*ACTION ITEM:*
Retype the line where "Harry Styles a" appears and each line that follows it down to the last line of the records below. Leave the pictures out.

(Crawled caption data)

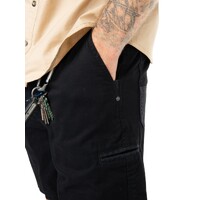 Under Taking 18 Short Colour Black Size 30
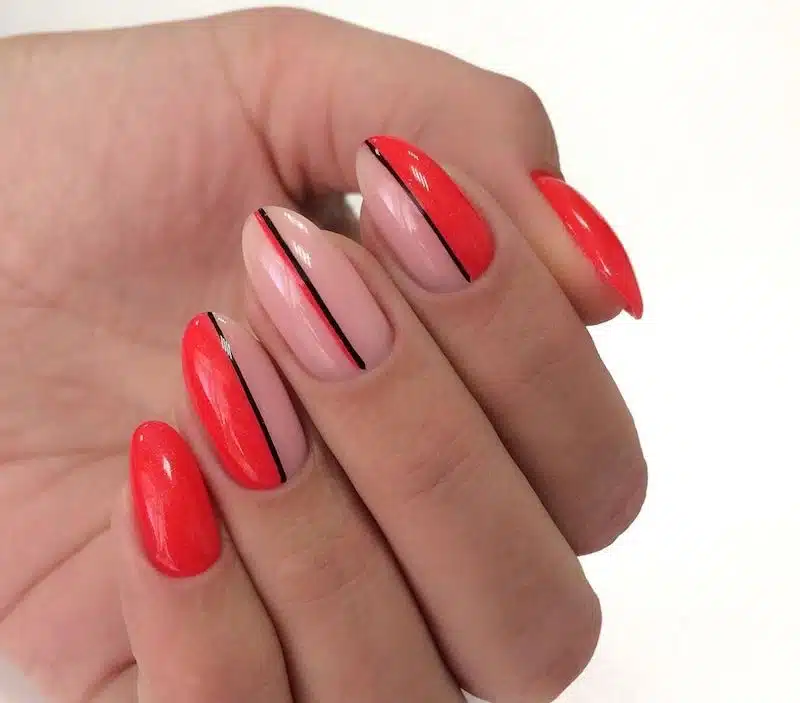 nail art semplici con righa autunno 2019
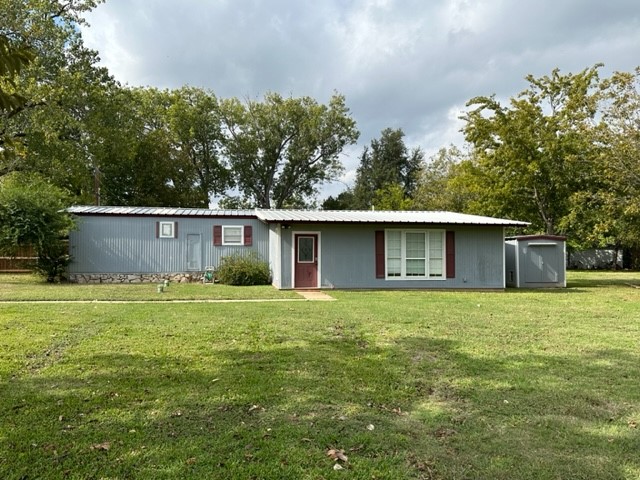 1700 E Apache Trail Granbury TX 76048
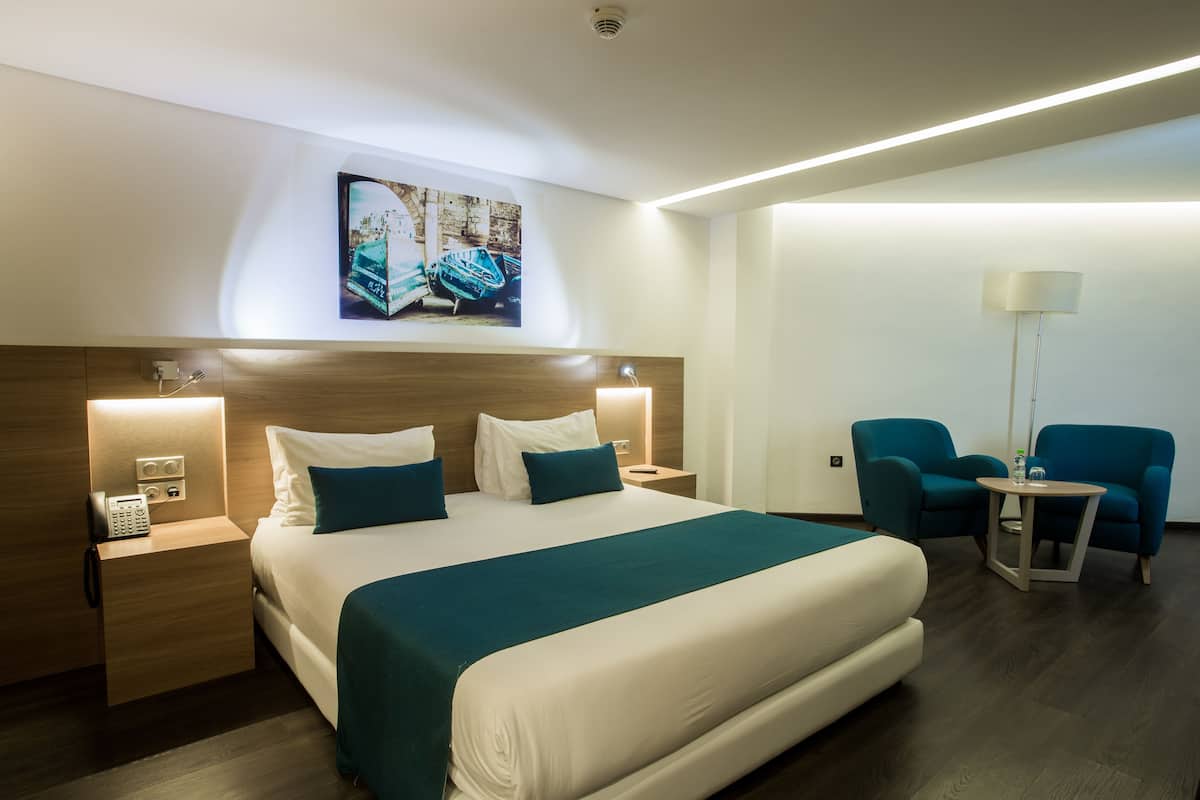 Superior Double Room | Street view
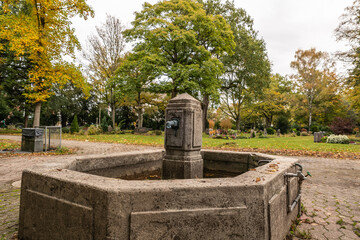schöner alter Brunnen auf einem Friedhof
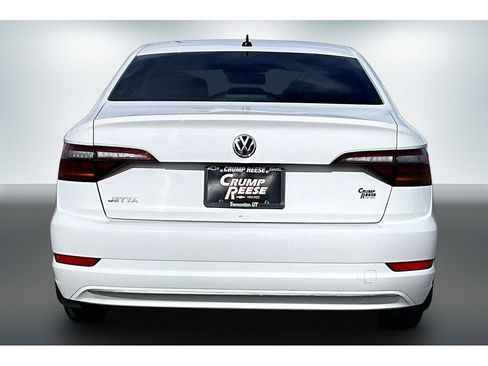 Used 2019 Volkswagen Jetta S w/ Driver Assistance Package FWD image 5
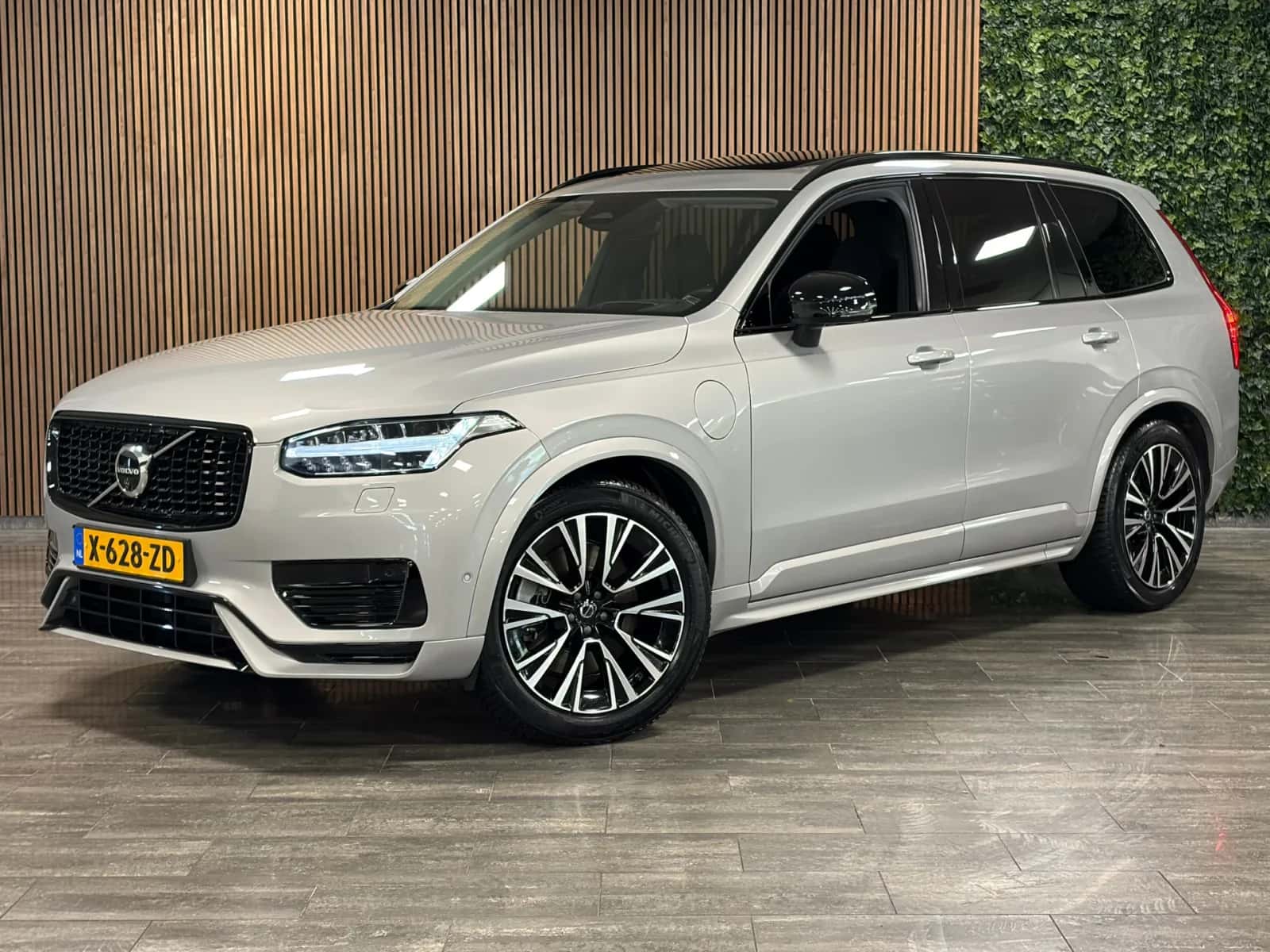 Volvo XC90 (2024) — foto 1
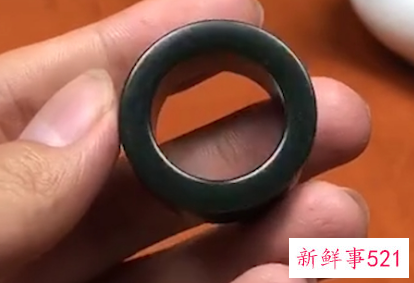 右手戴戒指的含义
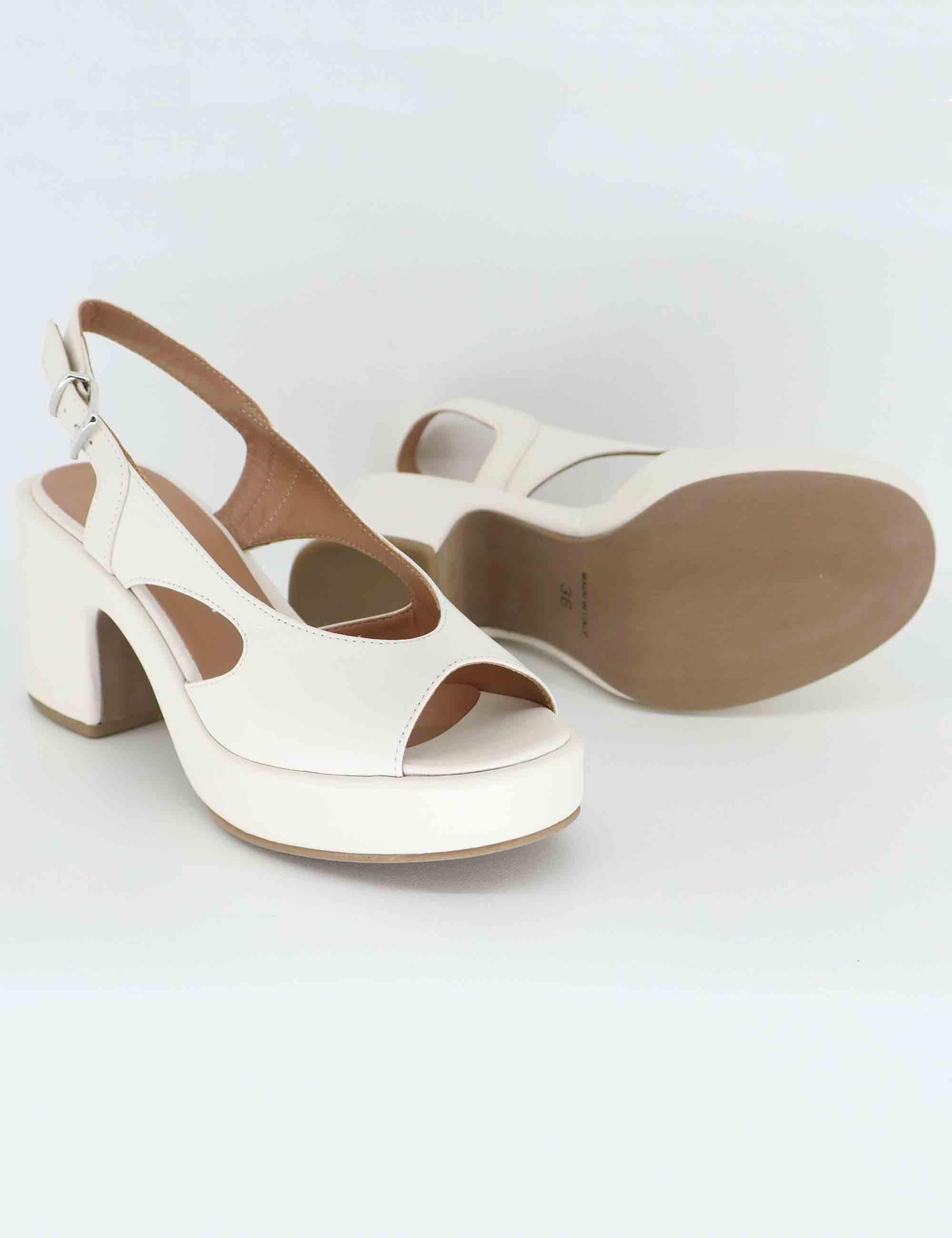 Sandali slingback donna in pelle off white con zeppa 3020 4 Gianmarco Sorelli 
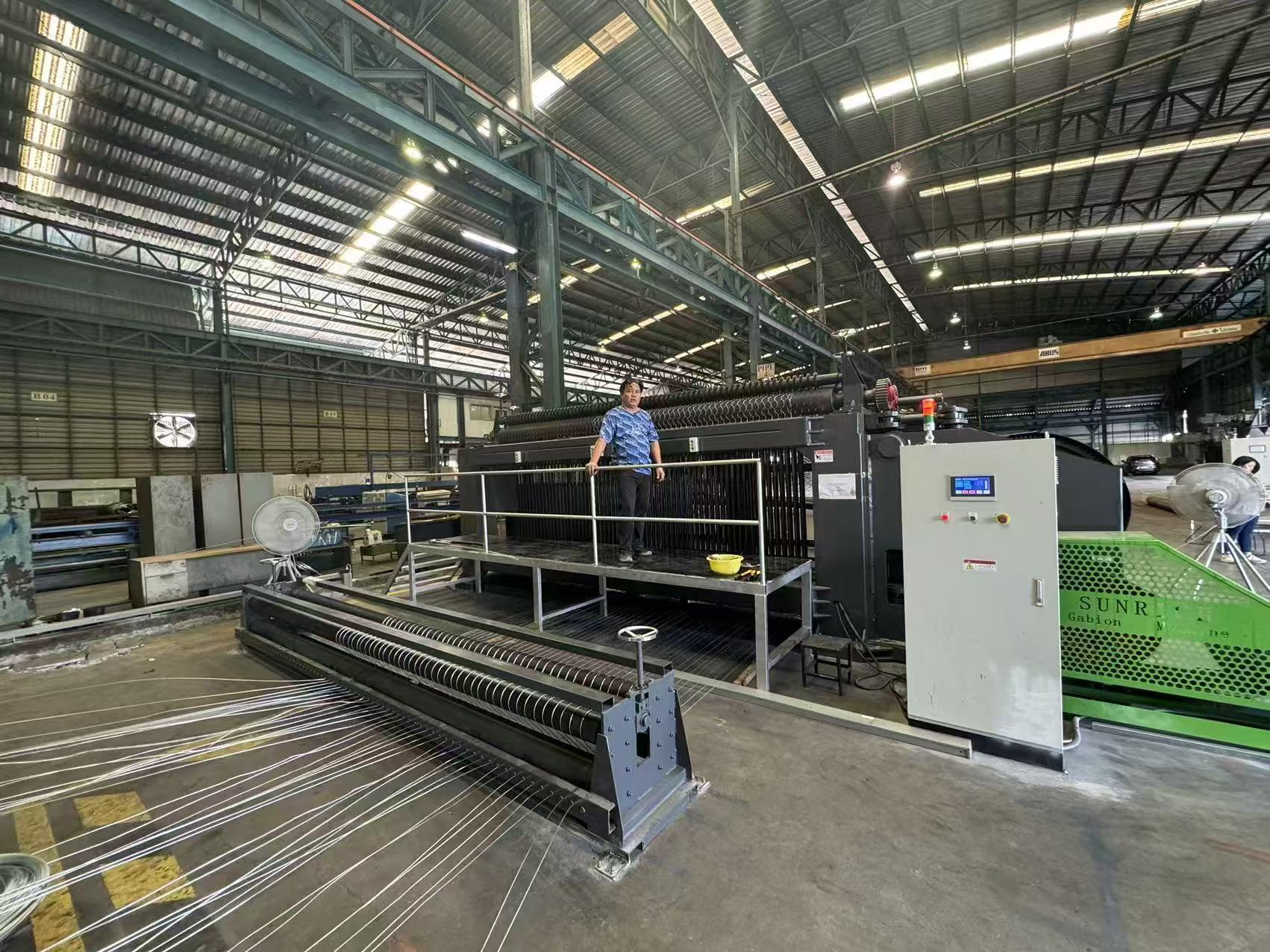 Blog công ty mới nhất về Tăng nguy cơ lở đất ở các vùng núi? Máy Gabion tự động hỗ trợ các dự án ổn định sườn dốc ở Ấn Độ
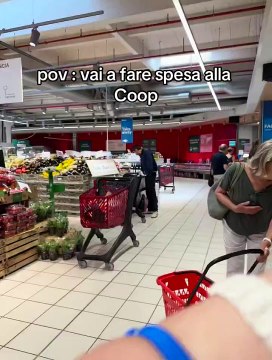 Harry Styles a fare la spesa alla Coop di Orbetello, il video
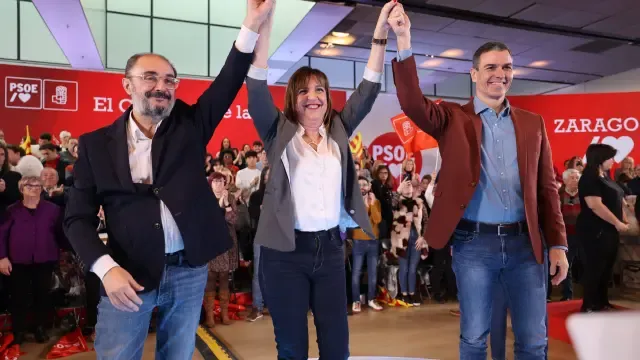 Pedro Sánchez durante su visita a Zaragoza con Javier Lambán y Lola Ranera.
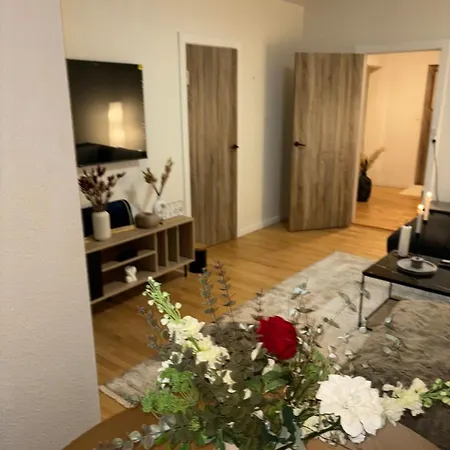 Appartement Cozy 3-room With 2 Bedrooms *
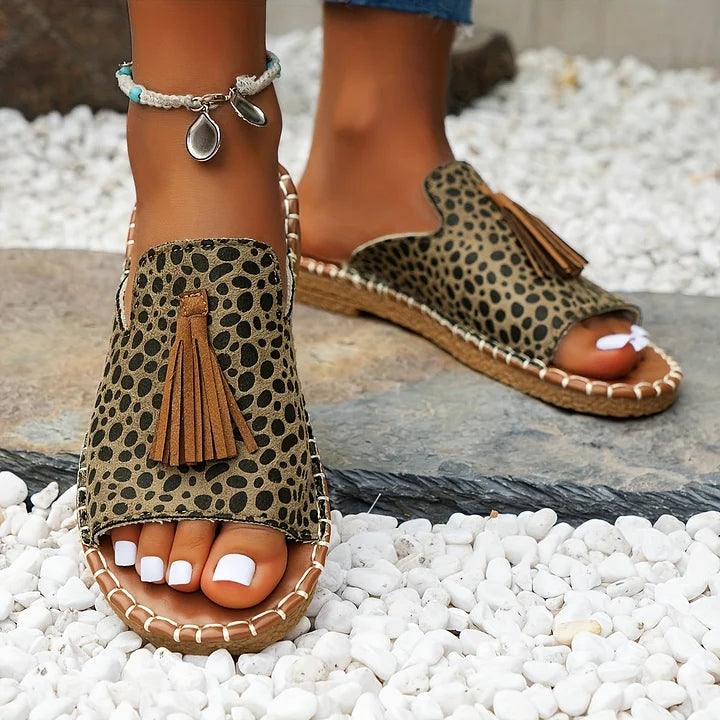 Leena - Bequeme flache orthopädische Sandalen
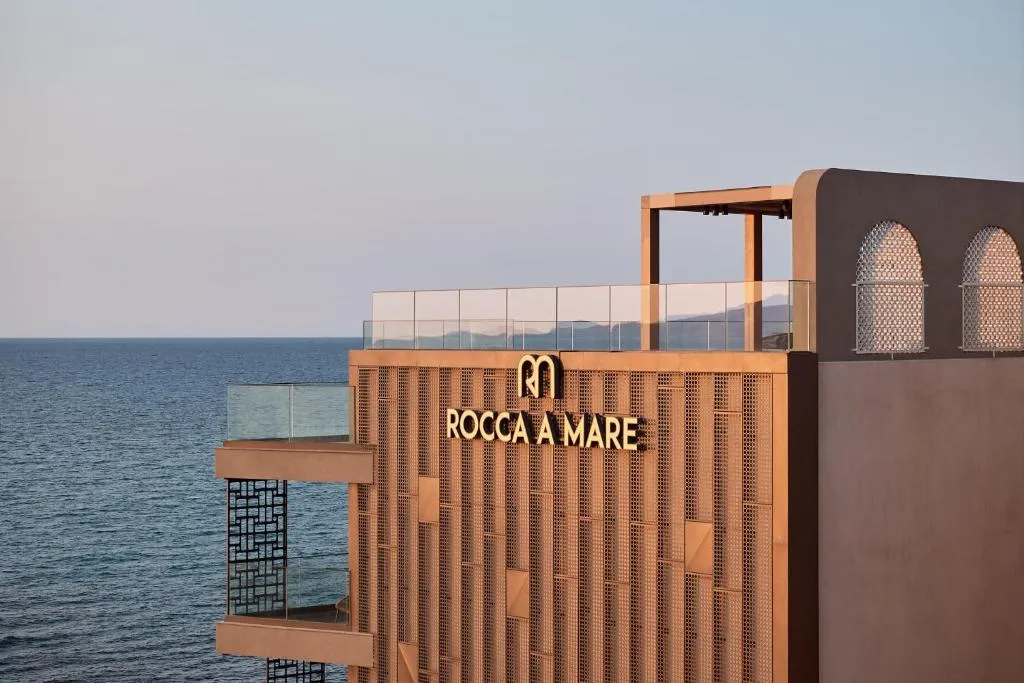 Rocca a Mare Heraklion - Handwritten Collection, hotel in Heraklio Town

*RESPONSE AREA:*
 Harry Styles a fare la spesa alla Coop di Orbetello, il video
 Pedro Sánchez durante su visita a Zaragoza con Javier Lambán y Lola Ranera.
 Appartement Cozy 3-room With 2 Bedrooms *
 Leena - Bequeme flache orthopädische Sandalen
 Rocca a Mare Heraklion - Handwritten Collection, hotel in Heraklio Town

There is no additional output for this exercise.